When it comes to bosses, millennials aren’t looking for a top-down manager. According to a recent study by Gallup, they are looking for coaches, somebody who will help develop their skills, and be a mentor.
Social media has contributed to the culture of NOW, and this also extends to how millennials want to hear about how they are doing at their job. They are used to getting immediate feedback on every aspect of their life – obsessively watching every post on their accounts – and why should hearing from the boss be any different?

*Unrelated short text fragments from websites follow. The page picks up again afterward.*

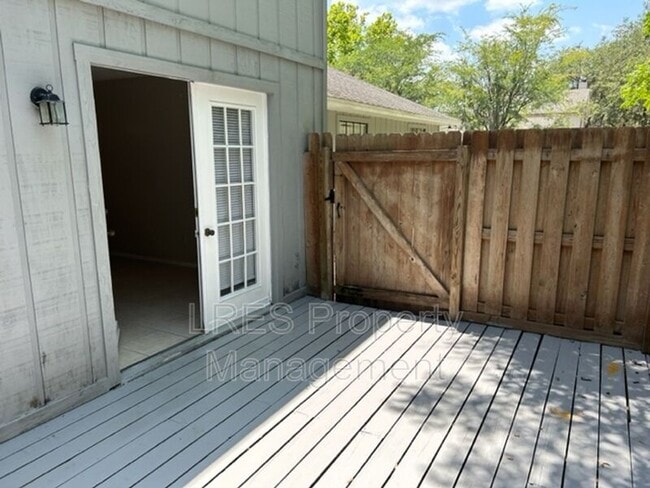 Building Photo - 4603 Lighthouse Cir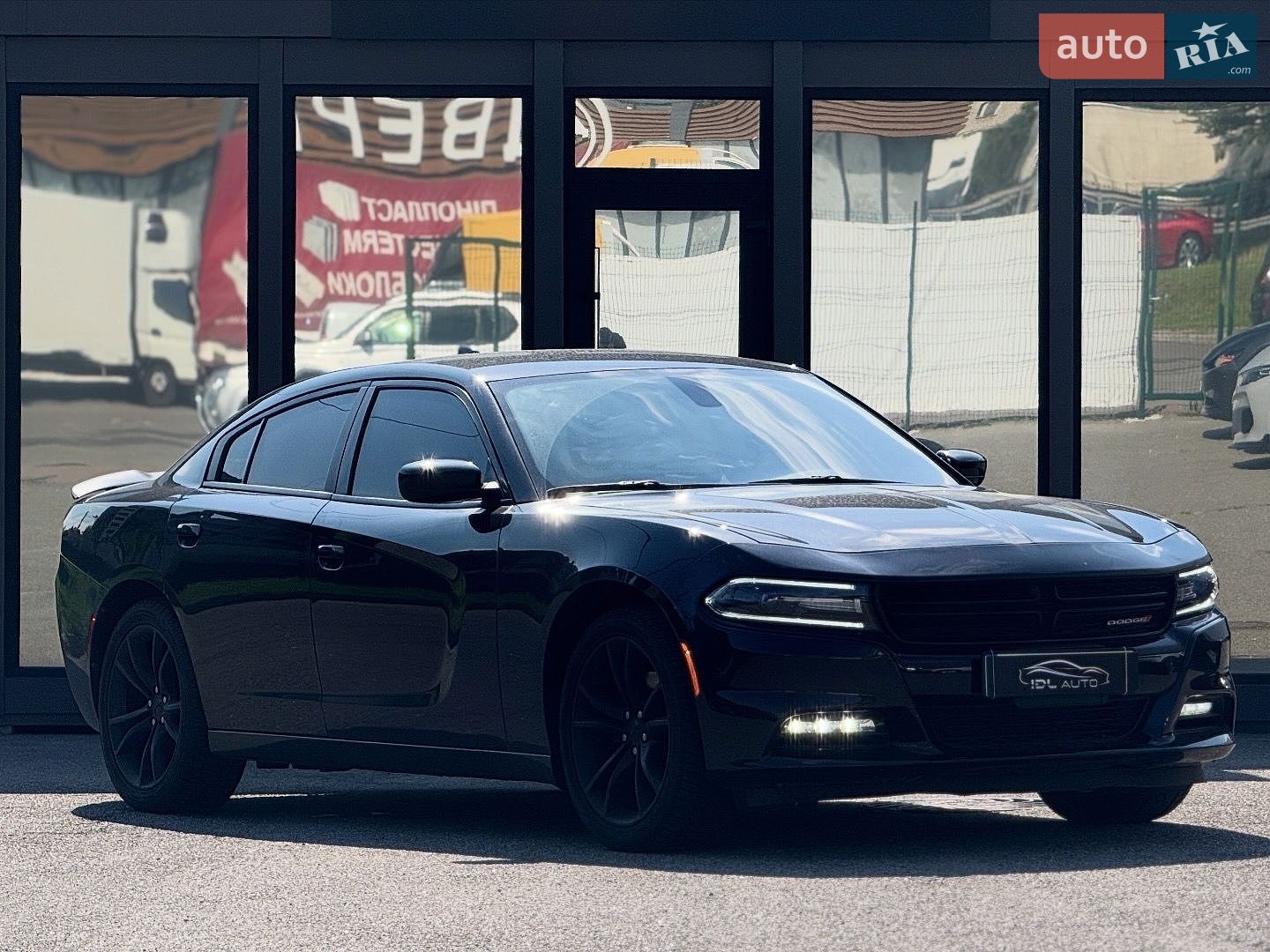 Dodge Charger 2016 VIN 2C3CDXHG5GH333297 фото оголошення 2 з 11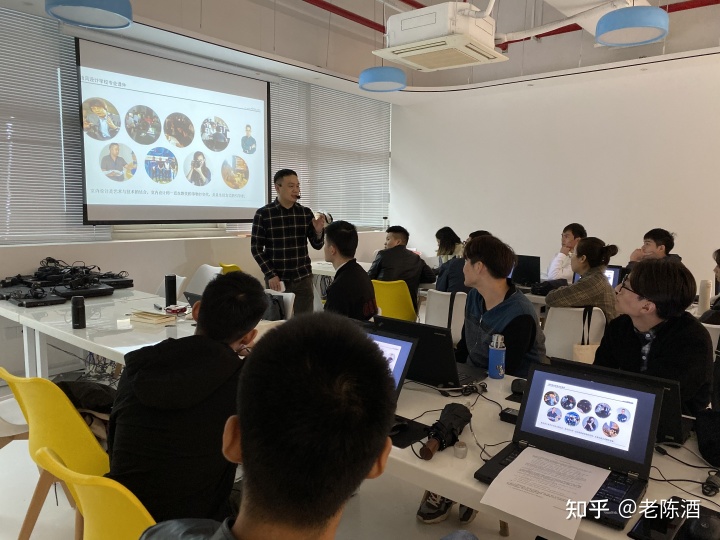 杭州清风设计学院引入网友的一篇探讨贴：很多网友放弃合肥室内设计培训学校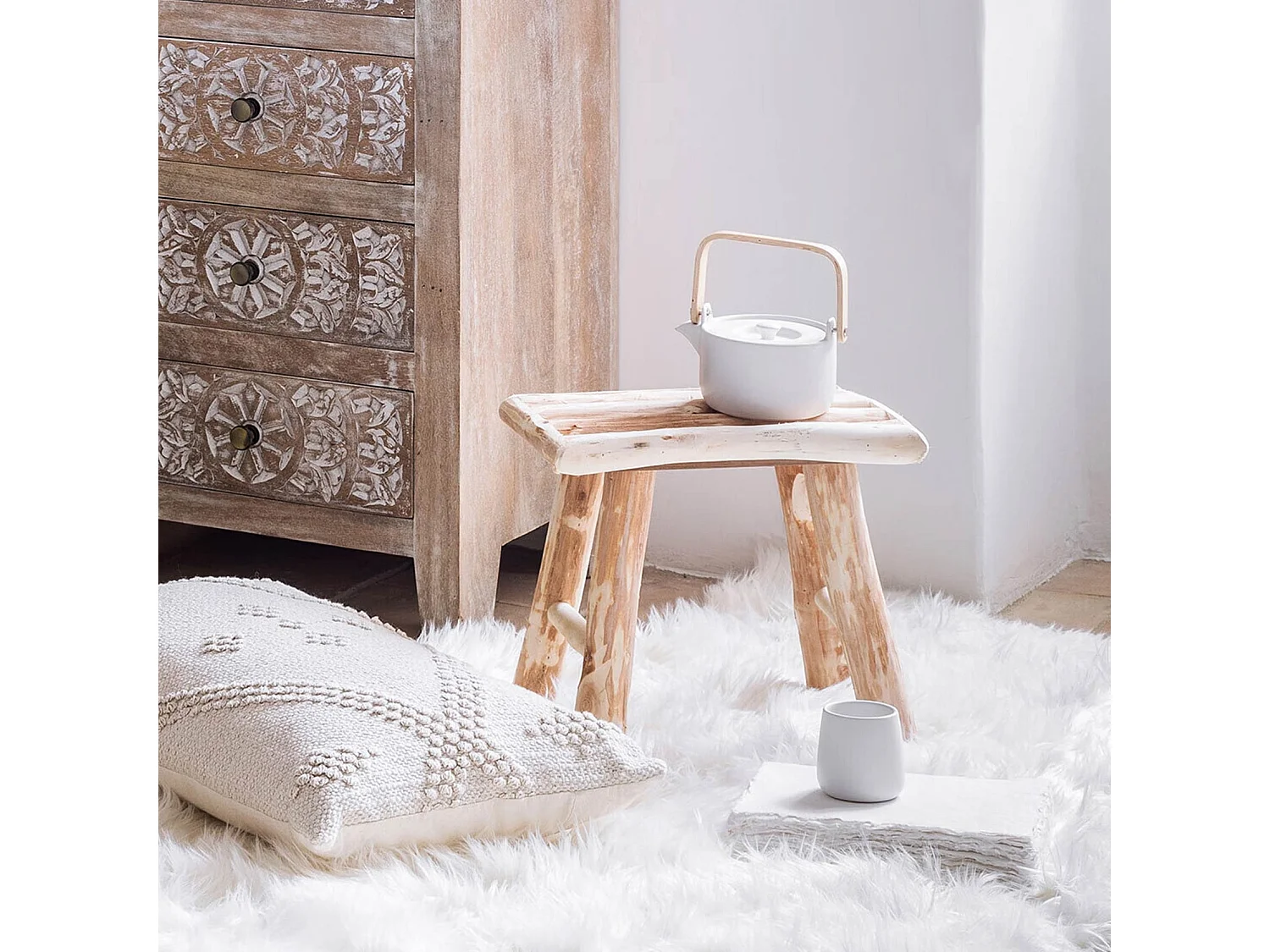 Tabouret en Bois naturel rendu artisanal L 34 cm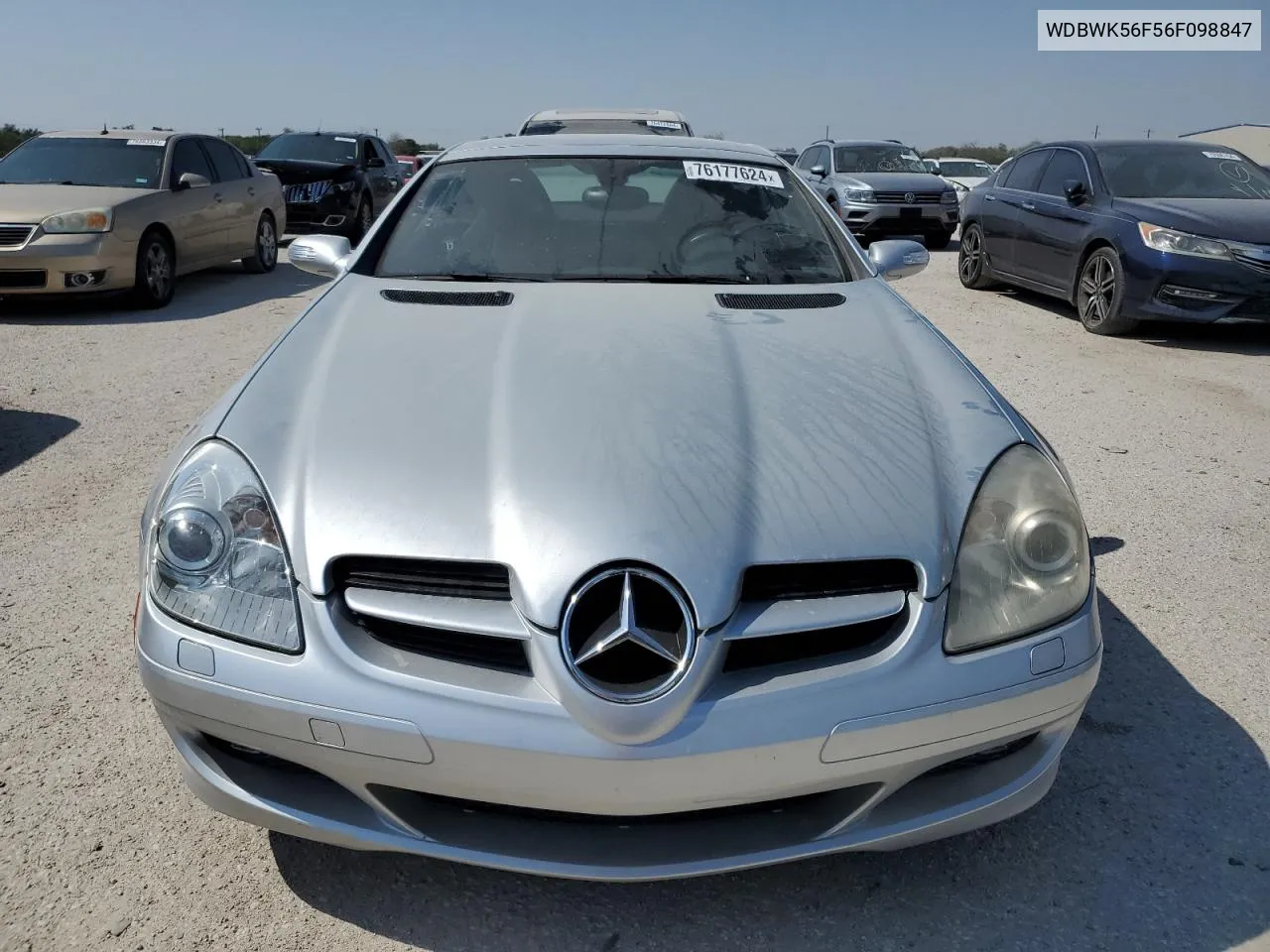 2006 Mercedes-Benz Slk 350 VIN: WDBWK56F56F098847 Lot: 76177624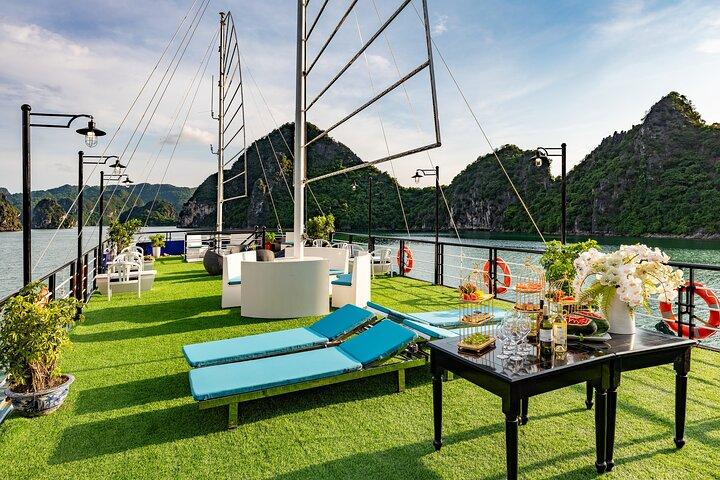 Halong Bay Day Trip Cruzeiro de luxo com jacuzzi e almoço buffet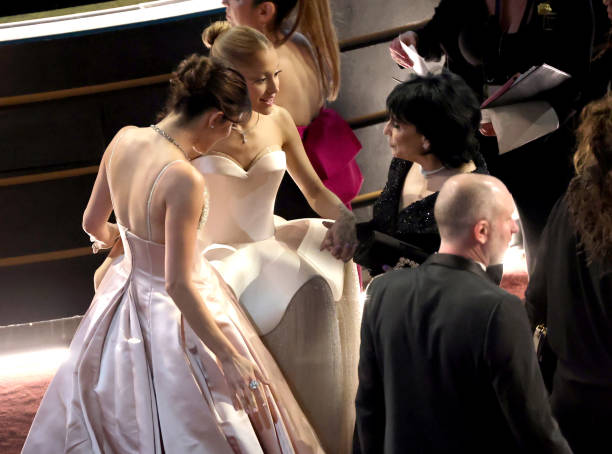 Monica Barbaro, Ariana Grande, and Joan Grande are seen during the 97th Annual Oscars at Dolby Theatre on March 02, 2025 in Hollywood, California. (612×454)
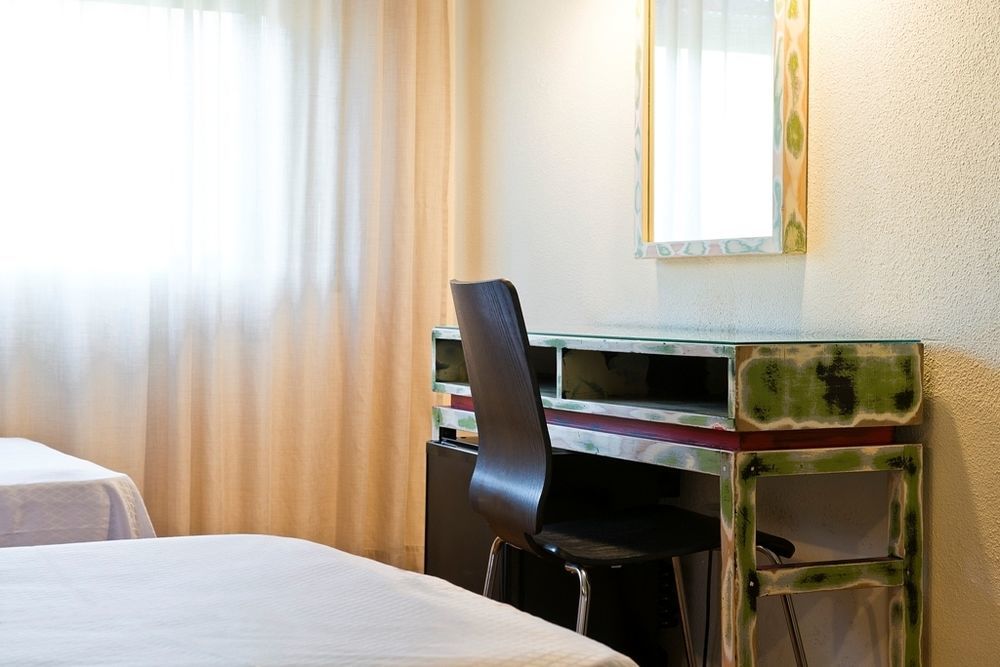 Hrc Hotel Madrid Ngoại thất bức ảnh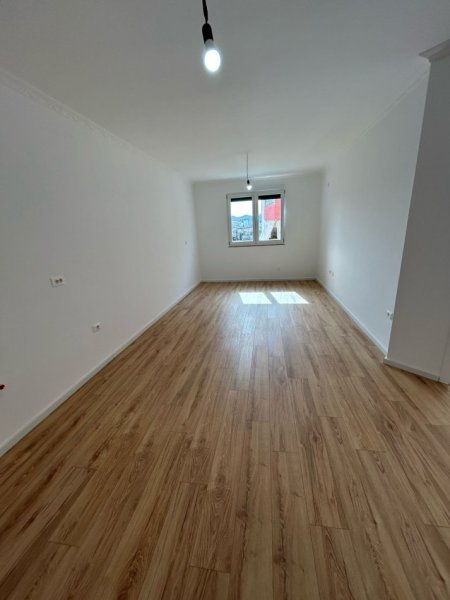 Apartament 2+1 Per Shitje Tek Oxhaku (ID B121152) Tirane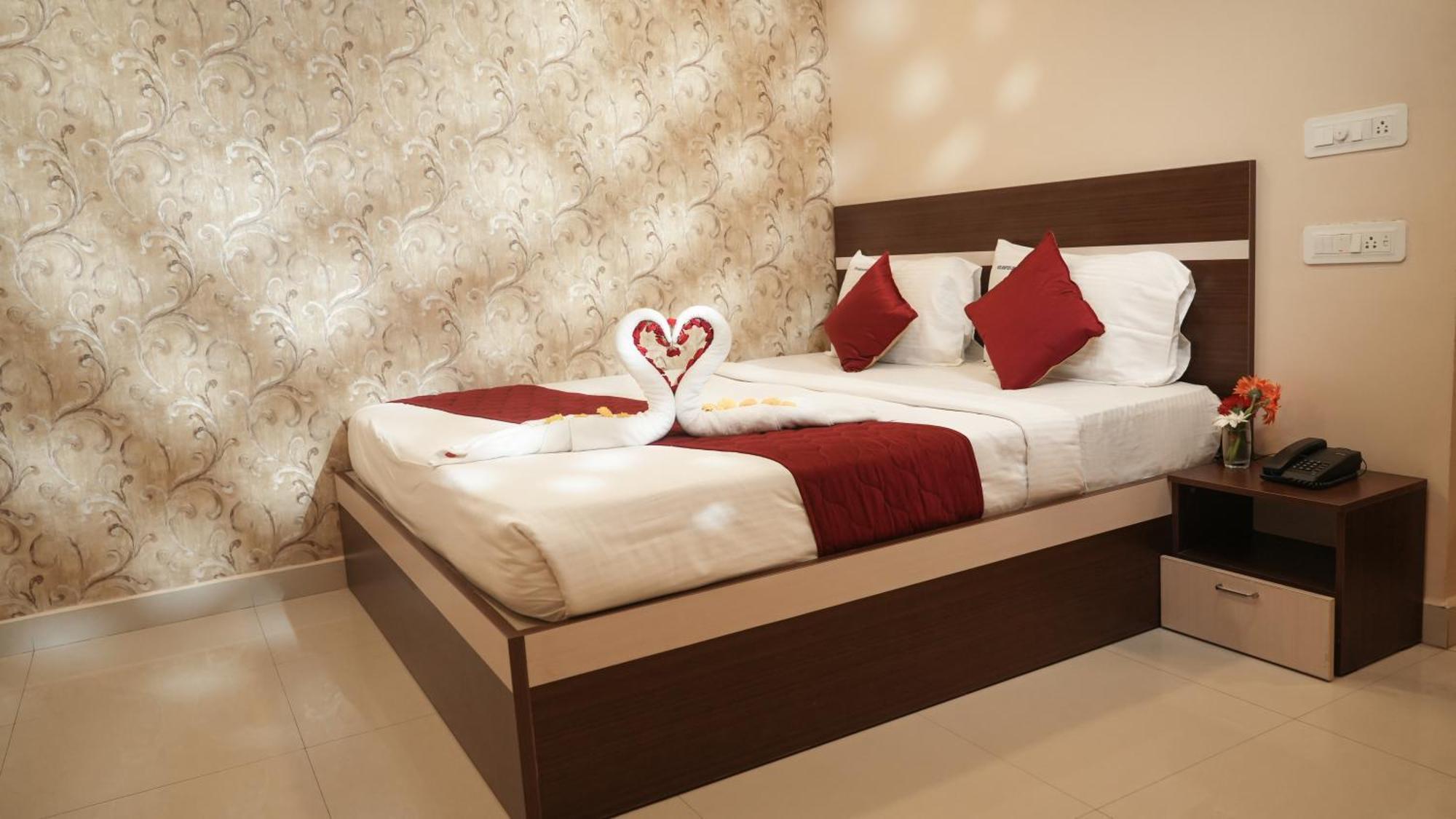 Hotel Mountview Comforts Tirupati Kültér fotó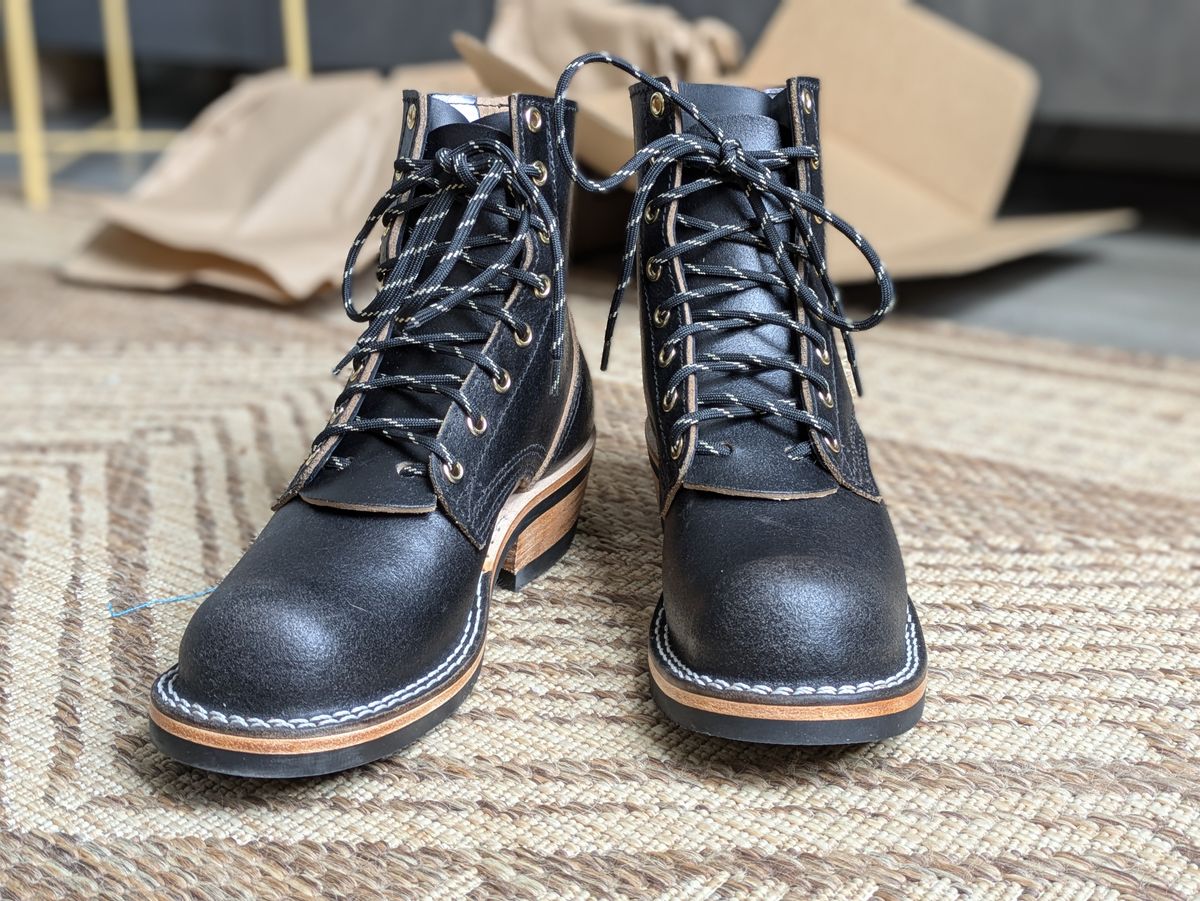 Photo by UnpackedC on January 27, 2025 of the Nicks Prospector in Horween Black Waxed Flesh.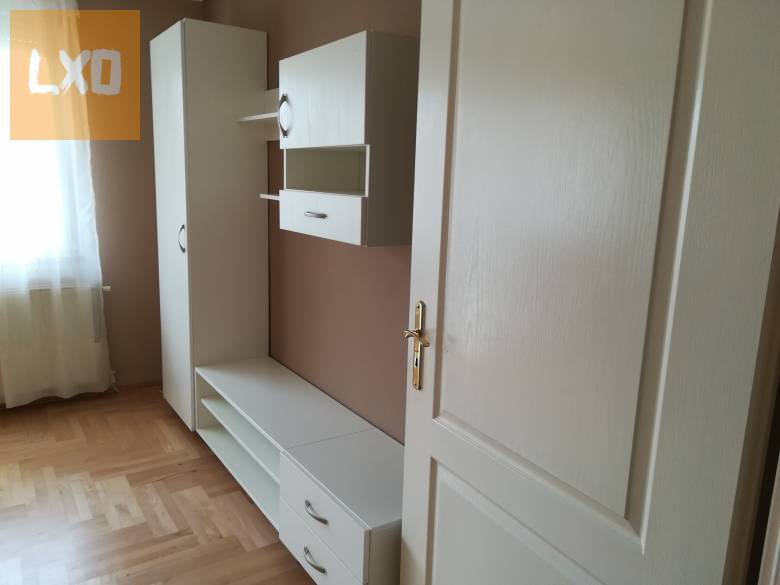 Erkélyes lakás Szombathely kedvelt városrészében, Oladon! apróhirdetés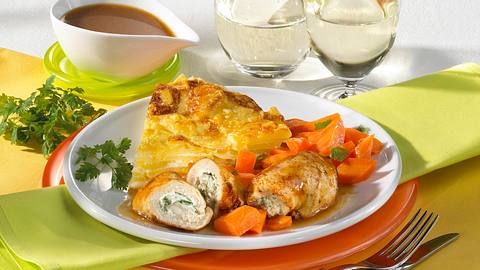 Hähnchenröllchen mit Frischkäsefüllung Rezept - Foto: House of Food / Bauer Food Experts KG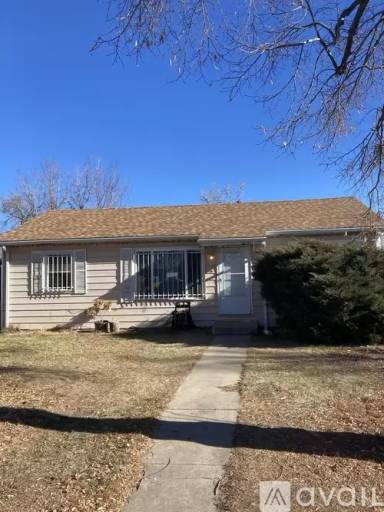 Main picture of 2340 Elmira St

Those were two clear themes in a continuation of my conversation with six female millennials where I work. A traditional, top-down hierarchical organizational structure just doesn’t cut it for them. Gallup dove a little deeper into this question of performance management and feedback. They found that 44 percent of millennials are more likely to be engaged at their job when their manager holds regular meetings with them while only 20 percent who do not meet regularly with their manager said they were engaged. This isn’t much different than other generations, however. Communication is key to any manager and employee relationship. But there does seem to be a difference in the frequency and immediacy of feedback that millennials say they want – and need – to be productive.
The group agreed they expected instantaneous feedback and want their boss to provide daily responses on how they’re doing. And, they said they aren’t afraid to ask for that feedback.
And another thing – that annual performance review has got to go. The group didn’t find much value in this ritual most organizations go through to assess employee performance. And, they certainly didn’t want to be assigned a numerical rating that summed up their performance.
“If a boss is not good at communicating to you whether you are doing a good job or not, and you do the same thing for 364 days of the year, and then on the 365th day you get this paper telling you you’ve been doing it wrong?”
Like most employees, the group did not want to be micromanaged, but they do want a boss who knows what’s happening. “We want somebody who stays connected, who knows what’s happening on the ground.”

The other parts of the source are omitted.